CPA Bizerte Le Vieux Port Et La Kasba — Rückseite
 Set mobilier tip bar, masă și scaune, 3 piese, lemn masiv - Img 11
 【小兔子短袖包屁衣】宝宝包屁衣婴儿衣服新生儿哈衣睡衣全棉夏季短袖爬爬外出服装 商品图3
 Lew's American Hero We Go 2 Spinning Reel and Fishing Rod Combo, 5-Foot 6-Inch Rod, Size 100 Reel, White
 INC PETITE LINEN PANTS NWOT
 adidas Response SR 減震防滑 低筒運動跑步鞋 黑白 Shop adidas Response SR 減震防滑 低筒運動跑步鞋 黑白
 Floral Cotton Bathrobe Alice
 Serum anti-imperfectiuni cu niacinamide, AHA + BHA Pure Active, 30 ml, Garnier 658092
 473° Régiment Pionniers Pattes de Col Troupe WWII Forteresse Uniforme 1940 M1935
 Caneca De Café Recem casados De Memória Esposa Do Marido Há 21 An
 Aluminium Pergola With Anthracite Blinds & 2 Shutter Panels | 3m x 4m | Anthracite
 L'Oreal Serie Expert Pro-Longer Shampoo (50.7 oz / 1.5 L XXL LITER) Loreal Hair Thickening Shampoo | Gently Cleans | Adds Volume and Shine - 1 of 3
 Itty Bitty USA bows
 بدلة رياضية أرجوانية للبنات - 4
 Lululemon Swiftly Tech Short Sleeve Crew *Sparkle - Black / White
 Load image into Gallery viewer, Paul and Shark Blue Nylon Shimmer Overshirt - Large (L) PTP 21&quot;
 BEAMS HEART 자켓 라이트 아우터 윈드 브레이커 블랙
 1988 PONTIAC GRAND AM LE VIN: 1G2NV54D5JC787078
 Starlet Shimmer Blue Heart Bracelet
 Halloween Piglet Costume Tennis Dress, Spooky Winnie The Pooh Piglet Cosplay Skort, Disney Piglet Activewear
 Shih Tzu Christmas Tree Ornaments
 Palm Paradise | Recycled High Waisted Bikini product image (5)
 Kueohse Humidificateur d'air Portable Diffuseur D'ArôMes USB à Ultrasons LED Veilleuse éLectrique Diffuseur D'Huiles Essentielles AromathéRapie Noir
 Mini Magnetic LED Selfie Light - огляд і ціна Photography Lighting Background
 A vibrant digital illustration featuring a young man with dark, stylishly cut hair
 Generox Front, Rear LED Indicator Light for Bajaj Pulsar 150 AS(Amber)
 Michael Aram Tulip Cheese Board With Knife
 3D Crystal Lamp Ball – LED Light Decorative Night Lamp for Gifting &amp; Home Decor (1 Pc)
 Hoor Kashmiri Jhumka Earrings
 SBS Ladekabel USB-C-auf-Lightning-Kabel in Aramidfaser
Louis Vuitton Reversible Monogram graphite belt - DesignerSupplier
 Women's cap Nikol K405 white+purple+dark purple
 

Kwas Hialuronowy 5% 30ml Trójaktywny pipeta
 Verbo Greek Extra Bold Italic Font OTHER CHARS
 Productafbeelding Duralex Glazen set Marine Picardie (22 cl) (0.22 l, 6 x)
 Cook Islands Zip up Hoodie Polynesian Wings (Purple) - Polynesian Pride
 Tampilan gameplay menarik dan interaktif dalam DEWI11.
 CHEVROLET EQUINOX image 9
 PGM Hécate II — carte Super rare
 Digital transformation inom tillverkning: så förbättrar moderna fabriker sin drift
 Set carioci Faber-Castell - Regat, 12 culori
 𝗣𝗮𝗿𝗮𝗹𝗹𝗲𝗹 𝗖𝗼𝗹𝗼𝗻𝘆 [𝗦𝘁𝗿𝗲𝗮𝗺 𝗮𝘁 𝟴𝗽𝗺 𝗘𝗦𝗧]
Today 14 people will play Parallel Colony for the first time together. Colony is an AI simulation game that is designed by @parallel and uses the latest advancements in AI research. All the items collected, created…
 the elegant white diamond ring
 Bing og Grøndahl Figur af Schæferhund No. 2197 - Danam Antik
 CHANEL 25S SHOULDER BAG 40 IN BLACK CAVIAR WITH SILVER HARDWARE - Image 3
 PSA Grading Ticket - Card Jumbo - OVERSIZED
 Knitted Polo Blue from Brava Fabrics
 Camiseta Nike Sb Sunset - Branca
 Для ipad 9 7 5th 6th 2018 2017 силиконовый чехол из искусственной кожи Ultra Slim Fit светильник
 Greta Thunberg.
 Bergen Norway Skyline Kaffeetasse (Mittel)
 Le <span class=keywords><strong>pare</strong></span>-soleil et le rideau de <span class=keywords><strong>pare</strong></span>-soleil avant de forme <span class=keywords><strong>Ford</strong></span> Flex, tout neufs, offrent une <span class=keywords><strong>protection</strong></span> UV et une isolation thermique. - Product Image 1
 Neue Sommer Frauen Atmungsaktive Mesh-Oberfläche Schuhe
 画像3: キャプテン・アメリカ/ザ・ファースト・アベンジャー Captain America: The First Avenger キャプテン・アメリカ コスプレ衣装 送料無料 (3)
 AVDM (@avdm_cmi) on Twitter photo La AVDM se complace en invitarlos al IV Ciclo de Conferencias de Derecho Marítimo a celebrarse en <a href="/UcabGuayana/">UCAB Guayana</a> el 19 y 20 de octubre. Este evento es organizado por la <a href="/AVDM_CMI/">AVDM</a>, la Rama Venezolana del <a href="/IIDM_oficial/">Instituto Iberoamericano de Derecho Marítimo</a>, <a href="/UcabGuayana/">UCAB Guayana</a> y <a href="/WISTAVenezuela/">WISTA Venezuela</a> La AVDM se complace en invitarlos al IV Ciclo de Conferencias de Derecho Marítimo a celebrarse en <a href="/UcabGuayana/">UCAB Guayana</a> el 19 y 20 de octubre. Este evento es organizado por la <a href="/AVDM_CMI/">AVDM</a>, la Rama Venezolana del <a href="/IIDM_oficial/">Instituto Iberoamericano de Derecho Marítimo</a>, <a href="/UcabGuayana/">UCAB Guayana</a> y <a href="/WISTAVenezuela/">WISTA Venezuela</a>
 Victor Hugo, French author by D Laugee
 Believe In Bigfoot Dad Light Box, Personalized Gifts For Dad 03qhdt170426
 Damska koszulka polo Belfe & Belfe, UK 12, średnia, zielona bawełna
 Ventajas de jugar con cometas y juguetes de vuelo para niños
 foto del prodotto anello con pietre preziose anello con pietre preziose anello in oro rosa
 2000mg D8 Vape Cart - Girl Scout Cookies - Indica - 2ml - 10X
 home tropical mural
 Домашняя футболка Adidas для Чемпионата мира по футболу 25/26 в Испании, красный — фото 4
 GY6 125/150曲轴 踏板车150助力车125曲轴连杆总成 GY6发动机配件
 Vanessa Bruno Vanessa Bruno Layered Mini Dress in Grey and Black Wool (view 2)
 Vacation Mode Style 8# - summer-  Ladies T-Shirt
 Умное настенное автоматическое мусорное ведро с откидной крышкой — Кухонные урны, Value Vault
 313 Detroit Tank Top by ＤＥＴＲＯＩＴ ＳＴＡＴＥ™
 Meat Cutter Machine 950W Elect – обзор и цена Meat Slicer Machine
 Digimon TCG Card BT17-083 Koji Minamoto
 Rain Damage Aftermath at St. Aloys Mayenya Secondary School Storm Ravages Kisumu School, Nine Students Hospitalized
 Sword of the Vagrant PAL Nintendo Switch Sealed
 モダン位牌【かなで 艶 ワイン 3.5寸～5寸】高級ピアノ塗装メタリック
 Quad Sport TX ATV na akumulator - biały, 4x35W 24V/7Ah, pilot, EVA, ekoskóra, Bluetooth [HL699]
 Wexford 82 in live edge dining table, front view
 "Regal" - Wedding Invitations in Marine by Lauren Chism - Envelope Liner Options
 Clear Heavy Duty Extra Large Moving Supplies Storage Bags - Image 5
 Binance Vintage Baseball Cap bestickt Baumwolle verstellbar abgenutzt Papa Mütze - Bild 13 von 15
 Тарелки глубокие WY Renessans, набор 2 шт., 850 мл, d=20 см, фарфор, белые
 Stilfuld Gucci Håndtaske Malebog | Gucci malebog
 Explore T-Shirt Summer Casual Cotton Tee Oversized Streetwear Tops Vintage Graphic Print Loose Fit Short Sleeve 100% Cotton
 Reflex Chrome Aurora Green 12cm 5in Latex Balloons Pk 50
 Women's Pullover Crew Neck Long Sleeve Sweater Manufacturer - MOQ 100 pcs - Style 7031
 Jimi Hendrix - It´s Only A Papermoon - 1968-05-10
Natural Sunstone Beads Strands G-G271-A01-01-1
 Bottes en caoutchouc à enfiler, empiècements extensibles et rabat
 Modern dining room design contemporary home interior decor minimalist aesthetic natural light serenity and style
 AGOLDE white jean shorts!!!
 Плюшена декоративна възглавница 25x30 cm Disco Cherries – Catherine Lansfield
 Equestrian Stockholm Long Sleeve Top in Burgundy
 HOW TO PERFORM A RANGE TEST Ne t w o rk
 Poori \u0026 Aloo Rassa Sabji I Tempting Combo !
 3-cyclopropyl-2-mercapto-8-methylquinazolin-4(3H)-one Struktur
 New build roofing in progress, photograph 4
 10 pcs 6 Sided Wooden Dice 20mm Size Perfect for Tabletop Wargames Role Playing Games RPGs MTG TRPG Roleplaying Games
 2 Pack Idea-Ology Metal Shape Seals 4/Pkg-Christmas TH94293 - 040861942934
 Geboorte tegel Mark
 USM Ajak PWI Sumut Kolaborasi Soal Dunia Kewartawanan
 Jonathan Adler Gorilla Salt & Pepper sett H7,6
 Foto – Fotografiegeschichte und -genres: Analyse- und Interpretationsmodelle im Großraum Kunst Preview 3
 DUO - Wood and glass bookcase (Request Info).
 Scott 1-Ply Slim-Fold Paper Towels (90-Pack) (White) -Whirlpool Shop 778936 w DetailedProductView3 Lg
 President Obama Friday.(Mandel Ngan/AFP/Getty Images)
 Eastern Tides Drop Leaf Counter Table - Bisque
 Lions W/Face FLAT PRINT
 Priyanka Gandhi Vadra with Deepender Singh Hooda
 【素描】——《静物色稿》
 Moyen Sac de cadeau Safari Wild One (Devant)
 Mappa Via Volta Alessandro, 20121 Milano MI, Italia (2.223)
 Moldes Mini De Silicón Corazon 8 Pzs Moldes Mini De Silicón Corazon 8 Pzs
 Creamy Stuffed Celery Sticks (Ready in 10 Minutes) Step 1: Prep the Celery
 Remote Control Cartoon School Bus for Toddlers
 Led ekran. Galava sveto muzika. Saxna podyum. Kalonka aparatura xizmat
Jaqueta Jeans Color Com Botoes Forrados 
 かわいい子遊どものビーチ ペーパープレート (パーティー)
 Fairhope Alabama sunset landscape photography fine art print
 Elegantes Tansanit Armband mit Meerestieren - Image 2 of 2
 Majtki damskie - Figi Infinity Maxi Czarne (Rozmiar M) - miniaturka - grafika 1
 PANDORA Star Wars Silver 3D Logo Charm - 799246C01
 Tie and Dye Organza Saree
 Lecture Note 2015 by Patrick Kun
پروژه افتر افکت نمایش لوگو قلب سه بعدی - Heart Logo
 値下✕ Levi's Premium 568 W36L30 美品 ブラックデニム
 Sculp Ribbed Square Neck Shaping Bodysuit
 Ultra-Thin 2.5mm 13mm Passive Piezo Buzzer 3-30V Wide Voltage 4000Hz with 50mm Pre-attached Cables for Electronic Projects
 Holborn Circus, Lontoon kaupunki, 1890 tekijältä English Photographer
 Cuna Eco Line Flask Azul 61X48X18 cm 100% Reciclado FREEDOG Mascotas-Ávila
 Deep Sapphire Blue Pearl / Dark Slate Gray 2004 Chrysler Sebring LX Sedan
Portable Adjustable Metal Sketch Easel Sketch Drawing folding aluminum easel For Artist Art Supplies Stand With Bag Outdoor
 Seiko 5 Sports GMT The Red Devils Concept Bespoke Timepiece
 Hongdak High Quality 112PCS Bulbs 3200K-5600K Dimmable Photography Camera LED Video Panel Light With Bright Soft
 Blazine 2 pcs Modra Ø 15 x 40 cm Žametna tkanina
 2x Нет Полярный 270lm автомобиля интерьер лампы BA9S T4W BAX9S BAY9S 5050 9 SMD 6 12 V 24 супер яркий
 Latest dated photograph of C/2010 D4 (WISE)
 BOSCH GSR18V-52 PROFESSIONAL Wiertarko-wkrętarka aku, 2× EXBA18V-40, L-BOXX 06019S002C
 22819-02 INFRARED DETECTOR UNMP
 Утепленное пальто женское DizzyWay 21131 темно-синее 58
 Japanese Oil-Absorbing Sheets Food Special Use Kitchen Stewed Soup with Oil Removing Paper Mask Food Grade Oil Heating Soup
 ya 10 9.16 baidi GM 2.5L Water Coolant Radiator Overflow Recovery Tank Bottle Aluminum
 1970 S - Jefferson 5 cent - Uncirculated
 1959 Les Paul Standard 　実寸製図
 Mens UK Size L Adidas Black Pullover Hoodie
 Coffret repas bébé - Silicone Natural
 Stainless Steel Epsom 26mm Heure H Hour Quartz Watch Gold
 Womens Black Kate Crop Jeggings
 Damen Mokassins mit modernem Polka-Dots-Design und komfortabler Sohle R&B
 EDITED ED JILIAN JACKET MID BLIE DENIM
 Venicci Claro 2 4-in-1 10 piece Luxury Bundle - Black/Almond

- - - - - - -

◆ Required action: Reproduce exactly the lines of the records above from the one with "GY6 125/150曲轴 踏板车150助力车125曲轴连杆总成 GY6发动机配件" to the one with "Clear Heavy Duty", both included, and leave out everything else.

◆ Result:
 GY6 125/150曲轴 踏板车150助力车125曲轴连杆总成 GY6发动机配件
 Vanessa Bruno Vanessa Bruno Layered Mini Dress in Grey and Black Wool (view 2)
 Vacation Mode Style 8# - summer-  Ladies T-Shirt
 Умное настенное автоматическое мусорное ведро с откидной крышкой — Кухонные урны, Value Vault
 313 Detroit Tank Top by ＤＥＴＲＯＩＴ ＳＴＡＴＥ™
 Meat Cutter Machine 950W Elect – обзор и цена Meat Slicer Machine
 Digimon TCG Card BT17-083 Koji Minamoto
 Rain Damage Aftermath at St. Aloys Mayenya Secondary School Storm Ravages Kisumu School, Nine Students Hospitalized
 Sword of the Vagrant PAL Nintendo Switch Sealed
 モダン位牌【かなで 艶 ワイン 3.5寸～5寸】高級ピアノ塗装メタリック
 Quad Sport TX ATV na akumulator - biały, 4x35W 24V/7Ah, pilot, EVA, ekoskóra, Bluetooth [HL699]
 Wexford 82 in live edge dining table, front view
 "Regal" - Wedding Invitations in Marine by Lauren Chism - Envelope Liner Options
 Clear Heavy Duty Extra Large Moving Supplies Storage Bags - Image 5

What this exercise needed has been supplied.